By: Phil Rice, Assistant Professor and Listening Lab Coordinator
If I think back hard enough, I can remember the good old days of asking students to turn to a page in their reading books, hearing the flapping pages moving quickly, and then calling on students to give their best answers. I remember the days of students frantically jotting down sentences and answers as I called them out from the answer key, and paperwork, oh yes, paperwork! I can clearly see the stacks of student papers piling up on my desk and my beautiful assortment of rainbow colored correction pens strewn about as I finally got down to grading that mountain of paper essays.
A few months ago, I couldn’t have imagined moving all of my teaching materials and instruction to an online platform. Of course, I used an LMS for occasionally grading and posting assignments, but moving completely to online synchronous instruction seemed daunting. I thought to myself, “At least this will only last a couple months.” Then I could get back to my desk, my whiteboard, and my amazing dry erase markers.
Well, here we are, six months later, still teaching online and continuing that method for the foreseeable future. However, instead of yearning to go back to the type of classroom instruction I once used, I feel that I have been able to adapt and see the unanticipated benefits of teaching fully online. In fact, I see some of these benefits as even greater than what the classroom can provide. Here are some specific examples:
Real time feedback
With Google Docs, I can have students work on their assignments while I am viewing them and giving feedback. I usually do this in vocabulary instruction. I can help students to use new words immediately as they are learning them, whereas a homework assignment or a quiz would have been my only way to see if students had understood the lesson.

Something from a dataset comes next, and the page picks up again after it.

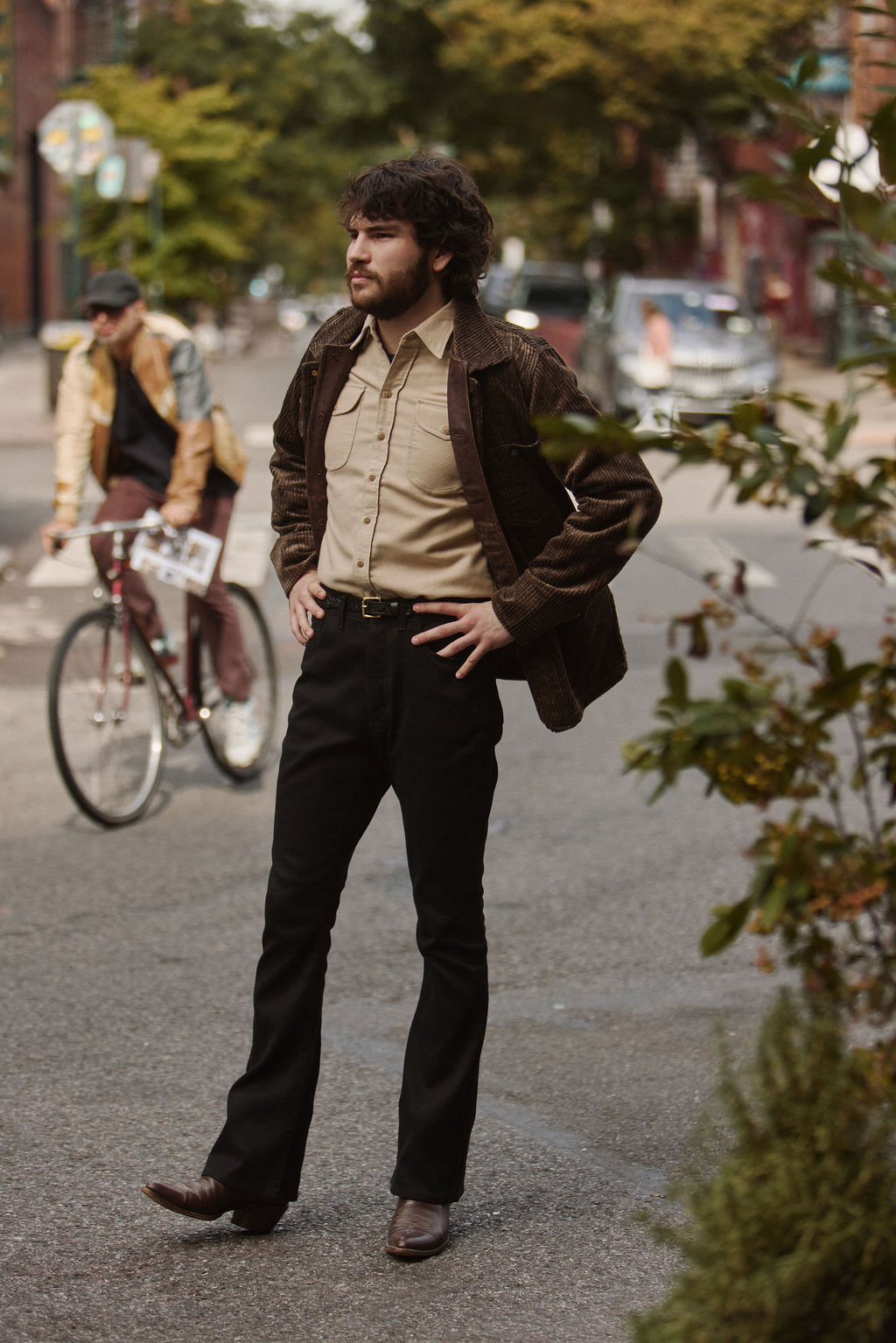 Flared Bedford Cord Five Pocket Pants - Black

By using the Zoom chat, I can get answers anonymously or publicly from each student on every question I ask. This makes a much more interactive class than one in which I call on students one by one.
By using Socrative’s real time polls and quizzes, I can see whether students are understanding the questions on their quizzes in real time, and I can address misunderstandings on the spot BEFORE students submit quizzes. I have been able to help students during quizzes through private chats as well.

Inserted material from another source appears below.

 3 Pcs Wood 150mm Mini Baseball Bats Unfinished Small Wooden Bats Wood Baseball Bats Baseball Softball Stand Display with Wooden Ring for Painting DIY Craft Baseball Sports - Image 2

Quizlet vocabulary instruction allows me to motivate and inspire students through gamification and competition. We all know that sitting through lectures without participation can be difficult, and even more so when students are sitting down for hours in an online class. By assigning games, quizzes, and competitions through different websites, teachers can inspire their students to learn more.
Zoom Breakout Rooms
I can easily place students together based on interests, challenges, or strengths with the click of a button. No more do we have to walk around the classroom and figure out which groups had which students. It is all done automatically! This saves both the students and me time, effort, and stress.
These are just a few of the positive aspects of moving writing classes online that I have experienced. Even when I do return to in-person classes, there are technologies and methods that I will take from this experience and utilize in those classes as well. Although I do look forward to the day when I can see my students in person again, today’s technology has made teaching online more engaging, efficient, and exciting than ever.